The CFTC and DOJ (the "Agencies") settled charges (see here and here) with a proprietary trading firm for engaging in spoofing in equity futures contracts over a two-year period. According to the DOJ, as a result of the illegal activity, the firm earned $10.5 million in profits and caused other traders losses of $32,593,849.

To settle the various CFTC and DOJ charges, the firm agreed to (i) cease and desist from further violating CFTC rules, (ii) pay a restitution amount equal to customer losses, (iii) disgorge an amount equal to its gains, (iv) pay a civil monetary penalty of $24,400,000, and (v) comply with a number of undertakings. The regulators acknowledged the broker-dealer's cooperation during the investigation.

The CFTC Order also contains a provision granting the defendant, a waiver from the "bad actor" disqualification in SEC Rule 506.

CFTC Commissioners Dissenting Statements

Two CFTC commissioners disagreed with the agency's grant of a disqualification waiver for the firm.

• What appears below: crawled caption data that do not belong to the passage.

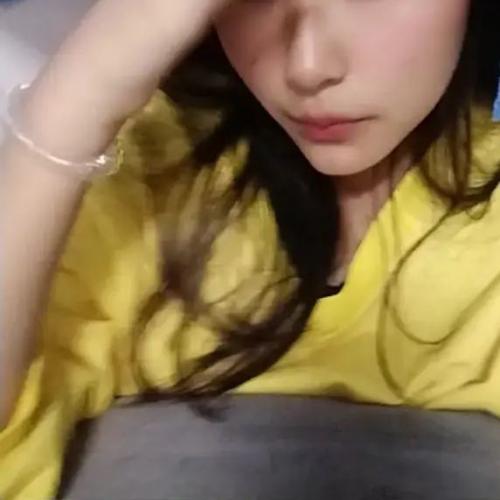 สมาชิกหมายเลข 8407050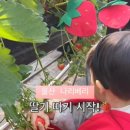 슬기 제2농장 이미지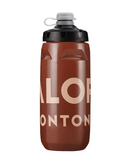 NUOVA LUNA WATER BOTTLE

In a concurring statement, CFTC Commissioner Rostin Behnam expressed "extreme reservations" with the CFTC's issuance of a Consent Order that included advice that automatic disqualification, under Securities Act Rule 506 regulations, should not be imposed. He claimed that due to the "unprecedented levels of spoofing" conducted by the firm, he did not agree with advising that the SEC not apply an automatic disqualification. Mr. Behnam said that since the firm had not previously been registered with the SEC or CFTC, there is still time for the SEC to determine if the CFTC action should lead to an automatic disqualification.

CFTC Commissioner Dan M. Berkovitz also disagreed with the CFTC Order for granting a waiver for the firm from the "bad act" disqualification under SEC regulations. He asserted that the CFTC "has neither the legal authority nor the expertise" to determine how public and private securities offerings should be dealt with and how to best protect investors.


Bob Zwirb

At issue is whether 1) the CFTC has the authority to issue a waiver from the "bad actor" disqualification provision in SEC Rule 506, and 2) if so, whether the issuance of such a waiver through written "advice" to the SEC represents a good exercise of that authority.

Notwithstanding the objections of Commissioners Berkovitz and Behnam, it appears that the CFTC clearly does have such authority. As SEC Guidance on "Disqualification of Felons and Other 'Bad Actors' from Rule 506 Offerings and Related Disclosure Requirements" provides:

"Waiver based on determination of issuing authority. Rule 506(d)(2) of Regulation D provides another way for issuers to request a waiver of disqualification. Disqualification will not arise if . . . the court or regulatory authority that entered the relevant order, judgment or decree advises in writing—whether in the relevant judgment, order or decree or separately to the Commission or its staff—that disqualification under Rule 506 should not arise as a consequence of such order, judgment or decree." (Emphasis added.)

Here, the CFTC followed the procedure laid out by the SEC for providing a waiver. So it is not clear what Commissioners Berkovitz and Behnam are complaining about when they state that this is a matter solely for the SEC to determine.

Second, the CFTC's Order expressly notes that the defendant not only cooperated with the Division of Enforcement but that it "proactively engaged in remedial measures" and implemented "enhancements of its supervisory structure and compliance program." The Order also notes defendant's "significant investments in sophisticated trade surveillance tools" and "substantial investments in staffing and resources" for its legal and compliance teams to prevent recurrence. Had the defendant not taken these remedial actions, presumably the government could have thrown the book at it and could have included federal criminal racketeering charges as it did in a similar case.

As it is, the defendant is being subject to two forms of legal jeopardy from the CFTC and DOJ (and in the latter to criminal charges and sanctions) along with fairly steep monetary sanctions. While matters like this involve judgment on the part of enforcement authorities, it is not clear, given all the facts and circumstances, what a third form of jeopardy in the form of SEC sanctions would add to the picture.